YOUR GOAL: Please write the listing below out again exactly, leaving every picture behind.

:: DATA ::

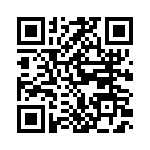 0753310666 QRCode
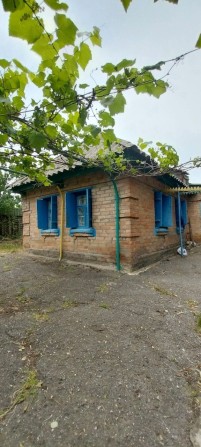 Продам дім. В село Клинці - фото 1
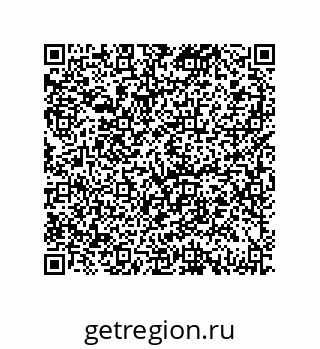 79069099990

:::

EXERCISE RESPONSE:
 0753310666 QRCode
 Продам дім. В село Клинці - фото 1
 79069099990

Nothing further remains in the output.